Das unterstrich auch Ballenstedts Bürgermeister Michael Knoppik (CDU) in seiner bündigen Begrüßung der jungen Teilnehmergruppe. „Ihr gebt dem Stadtrat eine Initialzündung“, stellte er den Schülern in Aussicht.
„Ihr sollt Ideengeber werden, denkt groß!“
Michael Domke, Verein „Politik zum Anfassen“
Es gehe bei dem Projekt darum, dass sich auch junge Menschen dort wohlfühlten, wo sie wohnen und wirken. „Diesmal entscheidet ihr darüber, was wir machen sollen“, überreichte der Verwaltungschef den Heranwachsenden verbal das Zepter.
Agata Werner regte die Jugendlichen an, darüber nachzudenken, was ihnen in ihrer Stadt fehle oder wo ihnen in irgendeiner Form ein Handlungsbedarf aufgefallen sei. „Ihr sollt Ideengeber werden“, sagte sie. „Denkt groß!“, gab Michael Domke den Schülern einen Ratschlag mit.
Nur im gegenseitigen Austausch, zeigte sich der Teamleiter überzeugt, könnten Jugendliche und Kommunalpolitiker Ideen und Projekte entwickeln, die von beiden Seiten mitgetragen würden.
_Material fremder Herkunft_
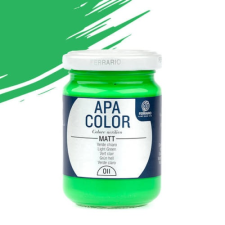 APA Color akrilfesték, 150 ml - 11, light green akrilfesték
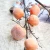 Import Artificial dried persimmon fruit pansy flower from China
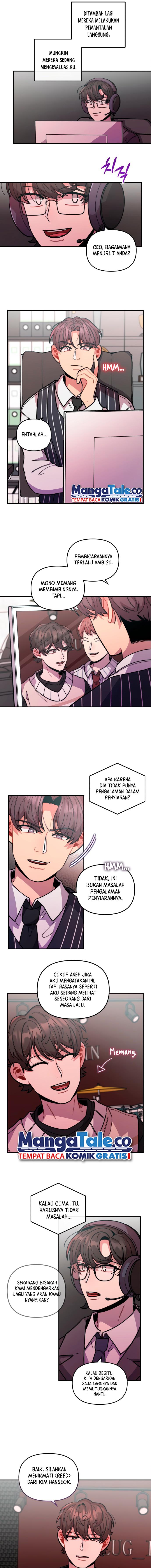 Musician Genius Who Lives Twice chapter 16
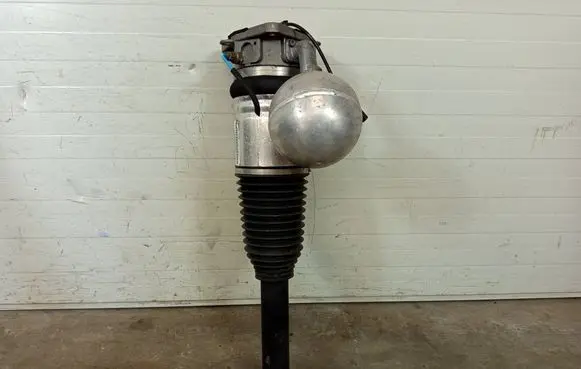 Volkswagen Phaeton Rear shock absorber/damper 3D0616002K 169ATE02424187B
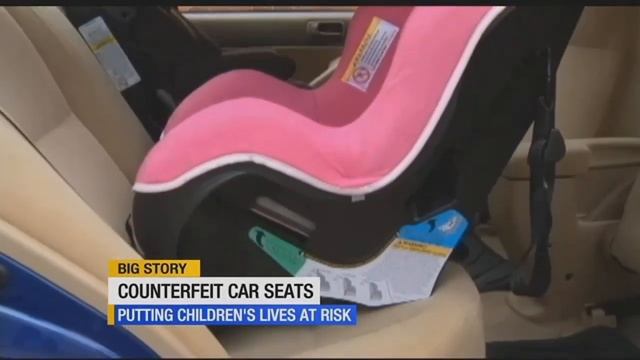 How You Can Be Sure The Car Seat You're Buying Is Legitimate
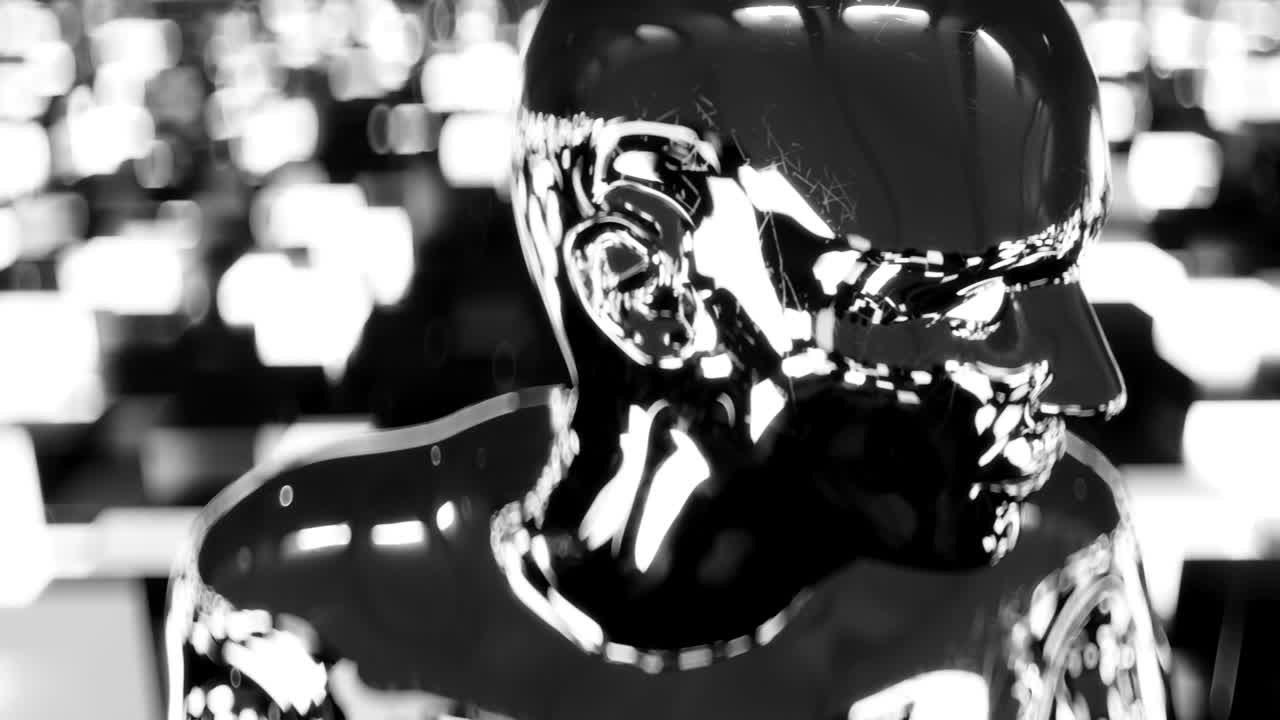 inteligencia artificial 4k supervisa la red de datos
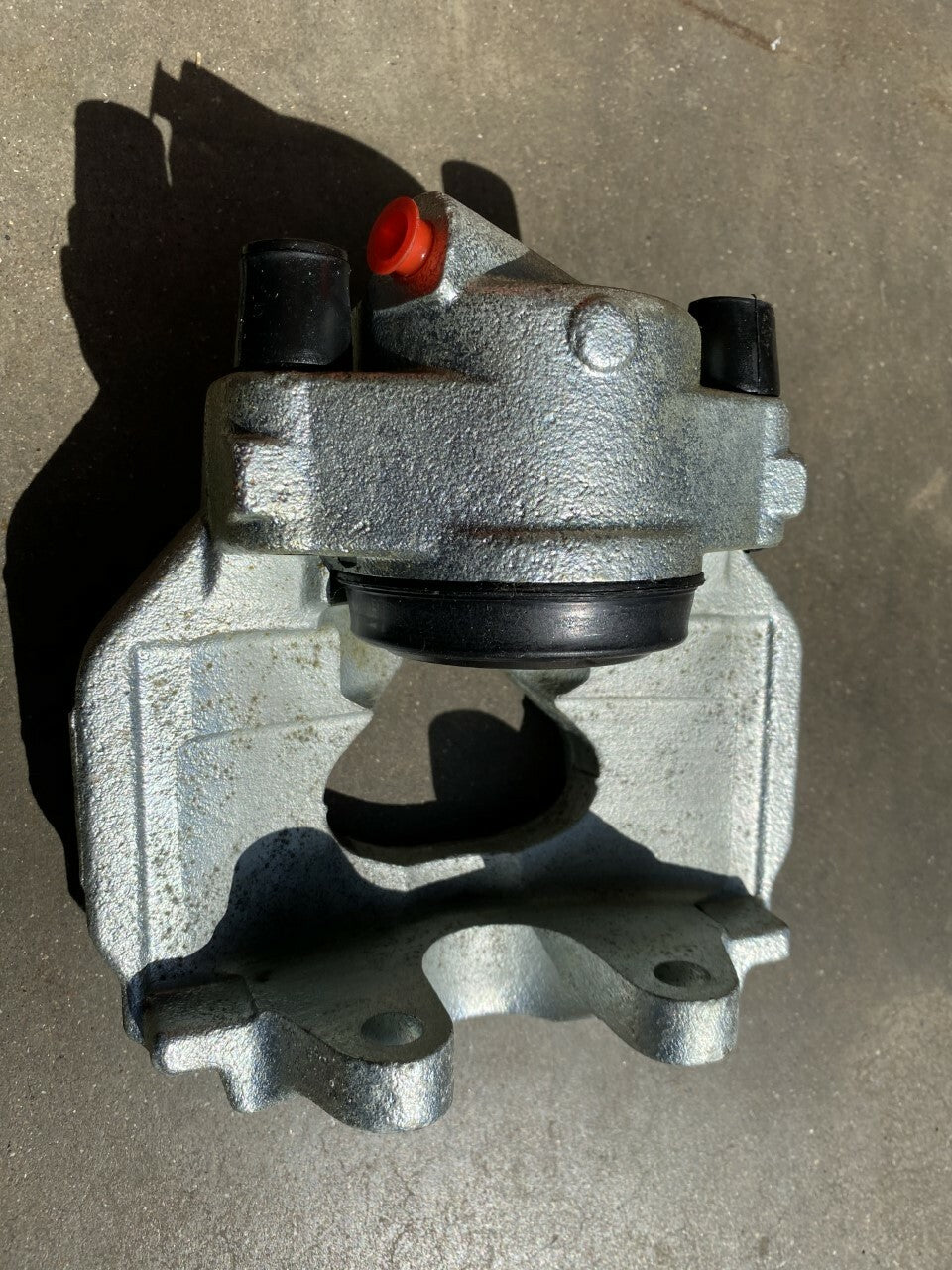 Mintex MBC1256L CA2665 Brake Caliper Left Hand Side fits VW Volkswagon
Deshalb gab es bei dem Workshop am Samstag auch Gruppensitzungen mit Paten aus der Politik und dem kommunalen Team. Diesem dankte Domke für die bereitwillige Unterstützung des Projekts „Jugend entscheidet“. In Stress solle das Ganze nicht ausarten: „Lasst uns Spaß und einen entspannten Samstag haben“, lud Domke ein.